Last night, once again after the business of the evening was over, she said "Why don't you go print out that spreadsheet." These were items along the lines suggested by Ms. Rika - things I could do that would make her life easier.
We ended up with 17 items that I can do, ranging from the quick-and-easy (Make sure her cell phone is plugged in at night) to the projects-that-need-to-be-scheduled (pay the bills). I presented the list with a heading as follows:
This sheet is things that I can think of that need to be done around the house that I could do. Some of these things I think I should be able to enlist the kids on, like the dishes, but in the end it's still my responsibility to get done. This also doesn't mean you can't do any of these things that you want to whenever you want to. *WANT TO* is the key phrase, not "feel like you have to because it's not getting done."
Obviously, this list is longer than can be done. I think we need to work together on how that works, if that's OK with you.
In the end, she asked me, "how do we handle this?" I looked at the list and couldn't think of a good reason why I couldn't get started on it. It won't all be done in a day, but there's no reason why the "quick and easy" ones can't be done every day, and why I can't get a start on the big ones (laundry and bills). So that's what I've committed to do.
I'm thrilled and scared. Time to put the activities where the fantasies have always been.
Just for the record, the list was entirely stuff I can do that makes her life easier. If that works out for her, at some point we'll have a talk about "treats" - she'll want to know what they are for me rather than having to guess... or I'll want her to know, but I would expect that to be a month or more away.
We didn't talk explicitly about casual "requests" or decision making - we covered that on Sunday and she read my notes on them and approved them.
So there was no big ceremony, no big symbolic thing. There was just me saying "So, we're doing this, right?" and her response, "Right." I think she's waiting to see what actually happens as well. I did mention that I'm probably not going to be 100% good at this initially, and that her feedback would be welcome. Also that I'd like to check in once or twice a week to see how this is going from her point of view. Aside from that, it should be "set it and forget it" for her.

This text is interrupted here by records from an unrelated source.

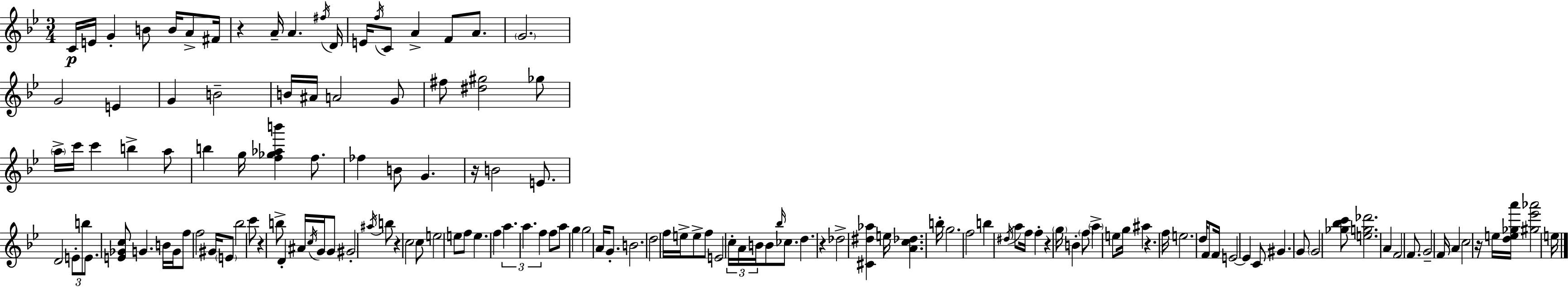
X:1
T:Untitled
M:3/4
L:1/4
K:Gm
C/4 E/4 G B/2 B/4 A/2 ^F/4 z A/4 A ^f/4 D/4 E/4 f/4 C/2 A F/2 A/2 G2 G2 E G B2 B/4 ^A/4 A2 G/2 ^f/2 [^d^g]2 _g/2 a/4 c'/4 c' b a/2 b g/4 [f_g_ab'] f/2 _f B/2 G z/4 B2 E/2 D2 E/2 b/2 E/2 [E_Gc]/2 G B/4 G/4 f/2 f2 ^G/4 E/2 _b2 c'/2 z b/2 D ^A/4 c/4 G/4 G/2 ^G2 ^a/4 b/2 z c2 c/2 e2 e/2 f/2 e f a a f f/2 a/2 g g2 A/4 G/2 B2 d2 f/4 e/4 e/2 f/2 E2 c/4 A/4 B/4 B/2 _b/4 _c/2 d z _d2 [^C^d_a] e/4 [Ac_d] b/4 g2 f2 b ^d/4 a/2 f/4 f z g/4 B f/2 a e/2 g/4 ^a z f/4 e2 d/4 F/2 F/4 E2 E C/2 ^G G/2 G2 [_g_bc']/2 [eg_d']2 A F2 F/2 G2 F/4 A c2 z/4 e/4 [de_ga']/4 [^g_e'_a']2 e/4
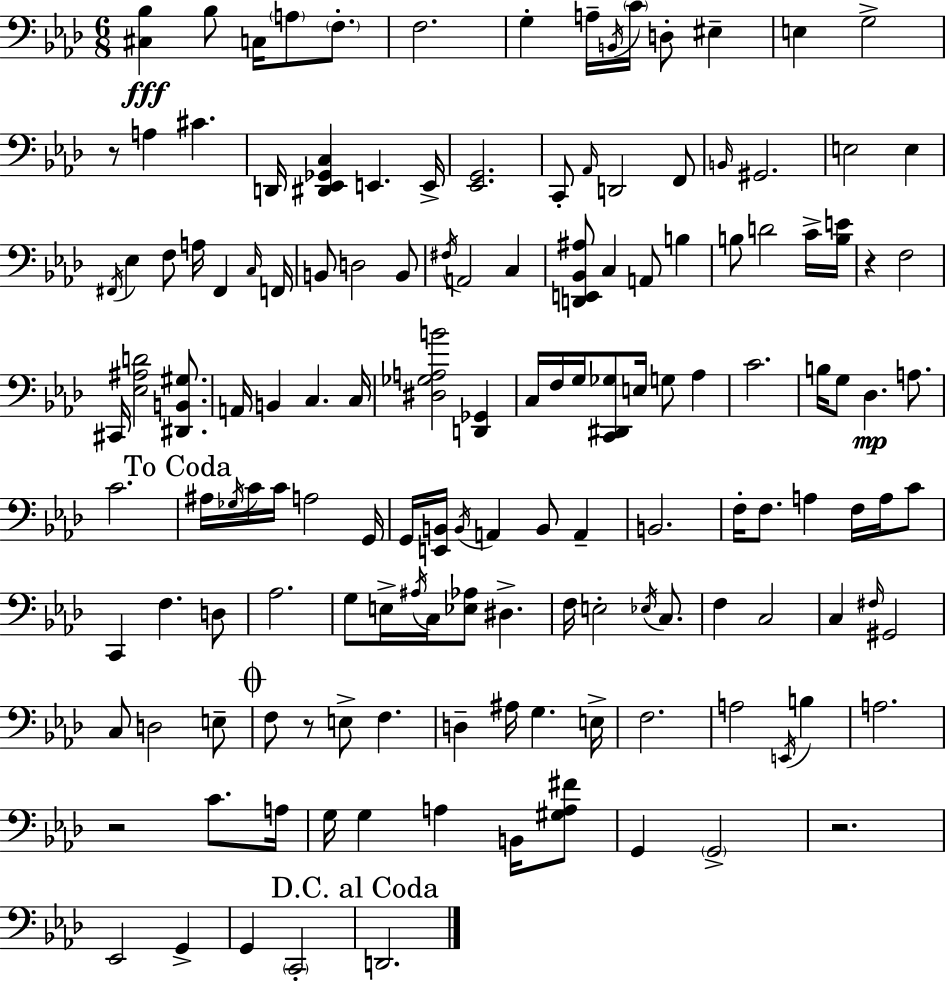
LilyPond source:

{
  \clef bass
  \numericTimeSignature
  \time 6/8
  \key aes \major
  <cis bes>4\fff bes8 c16 \parenthesize a8 \parenthesize f8.-. | f2. | g4-. a16-- \acciaccatura { b,16 } \parenthesize c'16 d8-. eis4-- | e4 g2-> | \break r8 a4 cis'4. | d,16 <dis, ees, ges, c>4 e,4. | e,16-> <ees, g,>2. | c,8-. \grace { aes,16 } d,2 | \break f,8 \grace { b,16 } gis,2. | e2 e4 | \acciaccatura { fis,16 } ees4 f8 a16 fis,4 | \grace { c16 } f,16 b,8 d2 | \break b,8 \acciaccatura { fis16 } a,2 | c4 <d, e, bes, ais>8 c4 | a,8 b4 b8 d'2 | c'16-> <b e'>16 r4 f2 | \break cis,16 <ees ais d'>2 | <dis, b, gis>8. a,16 b,4 c4. | c16 <dis ges a b'>2 | <d, ges,>4 c16 f16 g16 <c, dis, ges>8 e16 | \break g8 aes4 c'2. | b16 g8 des4.\mp | a8. c'2. | \mark "To Coda" ais16 \acciaccatura { ges16 } c'16 c'16 a2 | \break g,16 g,16 <e, b,>16 \acciaccatura { b,16 } a,4 | b,8 a,4-- b,2. | f16-. f8. | a4 f16 a16 c'8 c,4 | \break f4. d8 aes2. | g8 e16-> \acciaccatura { ais16 } | c16 <ees aes>8 dis4.-> f16 e2-. | \acciaccatura { ees16 } c8. f4 | \break c2 c4 | \grace { fis16 } gis,2 c8 | d2 e8-- \mark \markup { \musicglyph "scripts.coda" } f8 | r8 e8-> f4. d4-- | \break ais16 g4. e16-> f2. | a2 | \acciaccatura { e,16 } b4 | a2. | \break r2 c'8. a16 | g16 g4 a4 b,16 <gis a fis'>8 | g,4 \parenthesize g,2-> | r2. | \break ees,2 g,4-> | g,4 \parenthesize c,2-. | \mark "D.C. al Coda" d,2. | \bar "|."
}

So far the difference has been ... not much. Partly this is the "How would life be different if we had been doing this" question. Partly it's that not much has come up that needs to be done. And partly it's her waiting to see how this works out practically.
I think she was tired last night; I'm very insecure about all this and perceived her manner as "put upon" rather than intrigued, but we snuggled and talked a very little about this in the morning, and I expressed my gratitude. She seemed OK with that, maybe even good.
I owe Ms. Rika a big debt of thanks, and a book review. Her book and advice got us to the top of the hill and gave us the shove we needed. Now it's our responsibility to steer the sled....
Woooooshhh..... off we go!
2 comments:
Good Luck, be prepared to wait a while before you start to see any more positive feedback or acknowledgement from your wife. It sounds very much from what you have said about your wives recation so far, that in common with most wives, it may take your wife some time to grow into her new role within your relationship. As I have said before, don't get too hung up on your lists of chores, at the expense of showing your affection for your wife. And dont get disheartened if your wife still wants to do things. The most important thing is to make sure that your wife feels loved and adored, and that she can enjoy being in charge, not seeing it as a burden on herself.
Fingers crossed, just make sure that you stay on the "Piste".
At the risk of sounding too nosy, would you mind sharing the list? I'm always trying to find better ways of serving my Wife, and would love to compare notes.